## SUPPLIED DATA
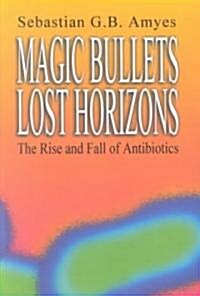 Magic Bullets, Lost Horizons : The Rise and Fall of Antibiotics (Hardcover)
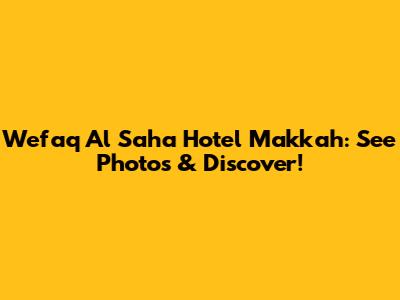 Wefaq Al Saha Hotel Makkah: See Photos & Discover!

--

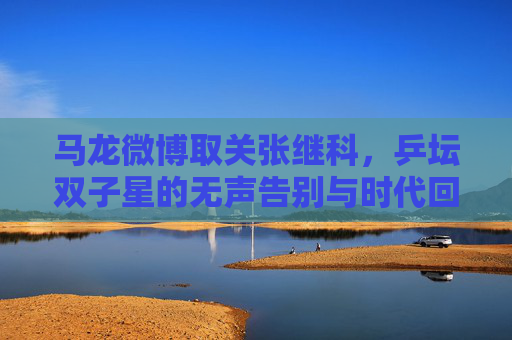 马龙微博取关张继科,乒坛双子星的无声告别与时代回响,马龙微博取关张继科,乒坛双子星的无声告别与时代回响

## WORK REQUIRED
In the listing above, find the line with "Magic Bullets, Lost" and the line with "Wefaq Al Saha". Transcribe those two and everything between, exactly, leaving out pictures.

## SOLUTION FOR THIS TASK
 Magic Bullets, Lost Horizons : The Rise and Fall of Antibiotics (Hardcover)
 Wefaq Al Saha Hotel Makkah: See Photos & Discover!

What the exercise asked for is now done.